Provide a code snippet that reproduces the issue. elements = partition("two_col.pdf", strategy="fast")

text attribute of elements[2] = '1. Exchange of Information. The parties agree to exchange Confidential Information for the purpose of (the evaluating a potential business "Purpose") in accordance with this Agreement.' text attribute of elements[3] = 'relationship'

Actually text from the pdf = '1.Exchange of Information. The parties agree to exchange Confidential Information for the purpose of evaluating a potential business relationship (the "Purpose") in accordance with this Agreement.'

two_col.json

Expected behavior Extracted text matches the actual text

Screenshots image

Environment Info Please run python scripts/collect_env.py and paste the output here. OS version: macOS-14.5-arm64-arm-64bit Python version: 3.9.6 unstructured version: 0.14.9 unstructured-inference version: 0.7.36 pytesseract version: 0.3.10 Torch version: 2.3.1 Detectron2 is not installed PaddleOCR is not installed Libmagic version: file-5.41 magic file from /usr/share/file/magic LibreOffice version: ==> libreoffice: 24.2.4

Additional context Add any other context about the problem here.

pfcharles commented 2 days ago

Looks like this is a problem with the underling use of the pdfminer library. the data returned by the pdfminer.layout.LTTextBoxHorizontal object get_text() method in pdf.py is wrong.

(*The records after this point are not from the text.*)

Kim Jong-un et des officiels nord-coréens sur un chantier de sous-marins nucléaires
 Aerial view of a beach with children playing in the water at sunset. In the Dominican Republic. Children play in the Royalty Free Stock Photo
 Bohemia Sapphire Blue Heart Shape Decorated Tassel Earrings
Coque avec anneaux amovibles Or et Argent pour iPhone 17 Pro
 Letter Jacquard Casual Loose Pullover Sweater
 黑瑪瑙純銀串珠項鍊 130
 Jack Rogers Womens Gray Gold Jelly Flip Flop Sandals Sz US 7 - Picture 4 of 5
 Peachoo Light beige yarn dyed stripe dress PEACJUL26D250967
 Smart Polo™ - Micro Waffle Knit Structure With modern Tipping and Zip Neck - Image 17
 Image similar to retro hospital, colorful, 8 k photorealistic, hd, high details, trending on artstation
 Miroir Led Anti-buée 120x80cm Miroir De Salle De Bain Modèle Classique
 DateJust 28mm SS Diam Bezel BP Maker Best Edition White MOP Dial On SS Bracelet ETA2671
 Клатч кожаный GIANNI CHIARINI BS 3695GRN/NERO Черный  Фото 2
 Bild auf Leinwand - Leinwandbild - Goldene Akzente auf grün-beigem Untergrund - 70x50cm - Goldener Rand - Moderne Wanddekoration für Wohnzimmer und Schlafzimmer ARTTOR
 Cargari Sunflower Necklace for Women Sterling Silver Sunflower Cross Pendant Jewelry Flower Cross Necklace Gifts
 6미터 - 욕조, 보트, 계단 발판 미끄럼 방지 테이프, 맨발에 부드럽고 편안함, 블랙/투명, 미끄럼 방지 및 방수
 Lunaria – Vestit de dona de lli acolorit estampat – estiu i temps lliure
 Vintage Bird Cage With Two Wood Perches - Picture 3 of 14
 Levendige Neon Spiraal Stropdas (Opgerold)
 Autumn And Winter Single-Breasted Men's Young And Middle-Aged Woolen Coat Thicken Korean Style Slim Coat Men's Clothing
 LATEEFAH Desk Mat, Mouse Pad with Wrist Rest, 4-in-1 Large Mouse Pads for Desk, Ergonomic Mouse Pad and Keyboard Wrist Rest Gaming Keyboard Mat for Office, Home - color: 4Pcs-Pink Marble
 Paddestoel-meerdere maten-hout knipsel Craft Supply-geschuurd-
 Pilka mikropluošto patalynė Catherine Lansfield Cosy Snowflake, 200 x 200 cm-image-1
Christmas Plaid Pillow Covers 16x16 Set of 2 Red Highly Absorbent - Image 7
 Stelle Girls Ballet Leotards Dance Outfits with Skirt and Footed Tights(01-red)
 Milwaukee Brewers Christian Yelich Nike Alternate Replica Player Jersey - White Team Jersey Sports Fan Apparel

pfcharles commented 1 day ago

two_col_not_justified.pdf

This appears to be related the document being text justified and there being larger spaces between words. The issue appears to be related to the implementation of find_neighbors in the pdfminer layout. To some extent this can be controlled by the LAParams initialized in init_pdfminer. Other libs like PyPDF and (java)PDFBox handle with no issue or special configuration.